Biostatistical Computing, PHC 6068
GitHub
Instructor: Zhiguang Huo (Caleb)
Guest Speaker: Shangchen Song
Monday October 4, 2021
Outline
- Git
- Version control
- Basic commands about Git
- GitHub
- Introduction
- GitHub commands
- Host R packages on GitHub
Git
- Git is a distributed version-control system for tracking changes in source code during software development.
- It is designed for coordinating work among programmers
- It can be used to track changes in any set of files.
Benefits of version control
- For yourself:
- Keep complete history of changes, and rationale for all changes
- Go back to a previous version of your code
- Support multiple version of the same basic project
- Collaborative project:
- Simplifies concurrent work and merging changes
- You can backup your code remotely (on GitHub), which can be easily distributed
Setting up the Git
- Install the Git
- Start Git
- Windows: Git Bash
- Mac: Terminal
- Rstudio: there is a terminal window as well (handy for R)
- Set up a user.name and user.email (if this is your first time to use git)
- You only need to do this once
git config --global user.name "Sam Smith"
git config --global user.email sam@example.com
git config --list
Git basics
- The Git directory (repository)
- stores the metadata and object database for your project.
- what is copied when you clone a repository from another computer.
- offers snapshots (commits) of your project history. You can go back to them later.
- The working directory
- one snapshot where you are currently working with
- a single checkout of one version of the project.
- you can usually pull from the Git directory to update it.
- The staging area
- stores information about what will go into your next commit. The list of changed files will be committed to repository
- sometimes referred as the index
- intermediate step between the working directory and the Git directory
Git workflow
- You modify files in your working directory.
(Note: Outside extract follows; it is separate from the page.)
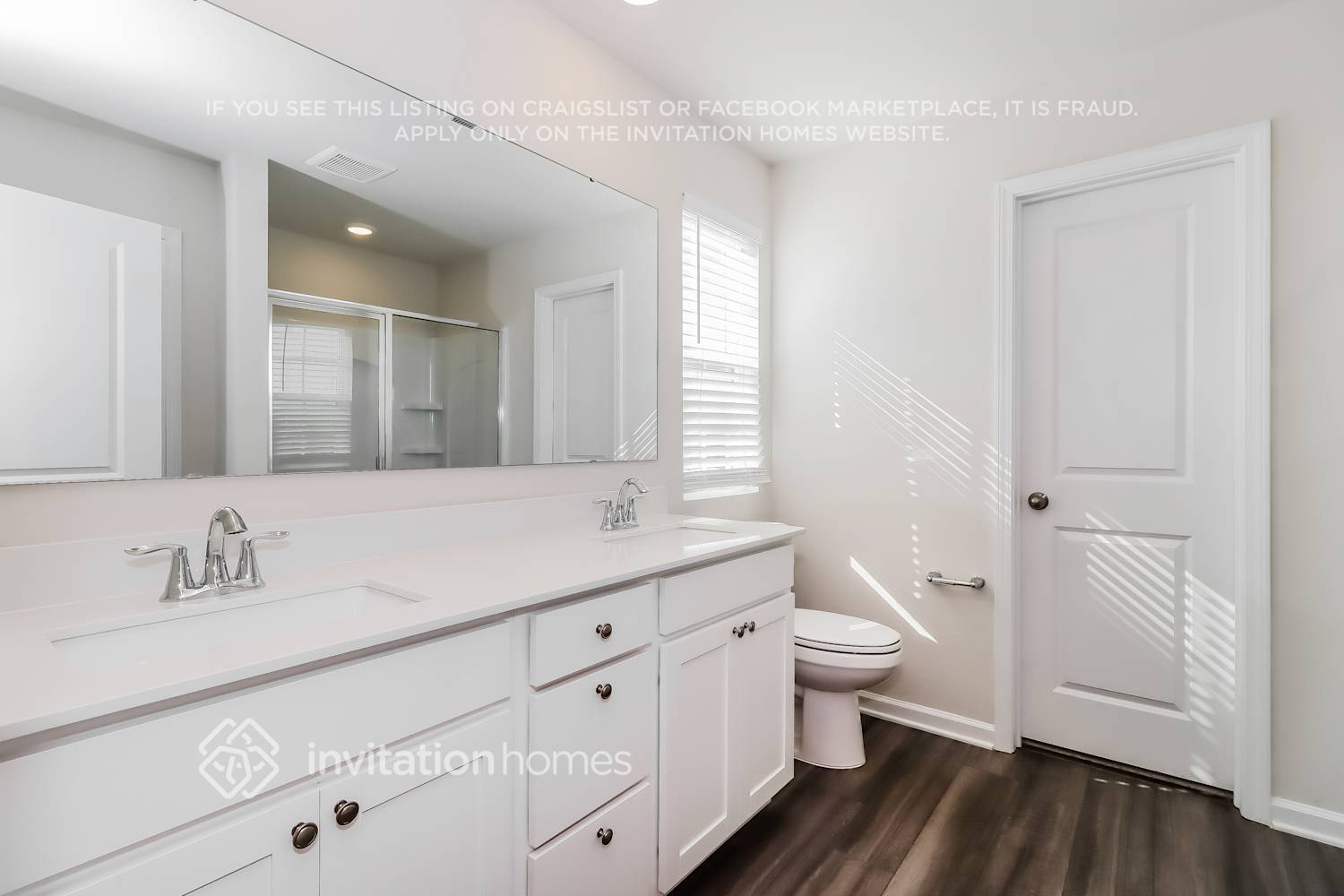 Building Photo - 360 Hollingswood Dr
- You stage the files, adding snapshots of them to your staging area (index).
git add XXX
- You do a commit, which takes the files in the staging area as snapshots to the Git directory.
git commit -m "your message"
Example to make change in git repository (use R codes as example)
- Initialize a R package (macOS/Linux)
WD <- '~/Desktop'
setwd(WD)
usethis::create_package("GatorPKG", open = FALSE) ## open = FALSE will prevent R open a new R studio session.
WD2 <- '~/Desktop/GatorPKG'
setwd(WD2)
- Initialize a R package (Windows)
WD <- 'C:/Users/ss/Desktop/'
setwd(WD)
usethis::create_package("GatorPKG", open = FALSE) ## open = FALSE will prevent R open a new R studio session.
- Put in f.R in the R folder
##' Add up two numbers (Description)
##'
##' We want to add up two numbers, blalala... (Details)
##' @title add two numbers
##' @param x first number
##' @param y second number
##' @return sum of two numbers
##' @author Caleb
##' @export
##' @examples
##' f(1,2)
f <- function(x, y) x + y
Example to make change in git repository (git part)
cd ~/Desktop/GatorPKG
git init
- Check the status of files in the working directory
git status
git add -A ## -A stage all your files
git status
git commit -m "first commit"
git status
git status
- Tells what Git thinks is going on
- Do this frequently!
- before staging your workspace
- after staging your workspace, before committing
- after committing
git add
git add newFile
git add newFile1 newFile2 newFile3
git add -A
git commit
- committing makes a snapshot of everything that has been staged in your repository
- a short message is necessary
git commit -m "any message you want to make here"
- The message is required and will be helpful for the future you and your teammates
- If you don’t type in a message, it usually will return an error or an editor (usually vi) will be opened for you to enter the message. Vi is hard to use for beginners. See https://kb.iu.edu/d/afcz about how to quit vi, just in case.
- After you commit your changes to git, it will create a commit object
- You can view all commit objects by
git log
Other files in the repository
ls -a ## list all files, including hidden ones
More on git
- Git only saves the changes from the previous commit, won’t waste space
- Just make commits often
So far, local version control
Distributed version control
Distributed version control
- GitHub
- GitHub provides free repositories, given that you make your project open.
- GitHub provides inidivual accounts, and organizational accounts.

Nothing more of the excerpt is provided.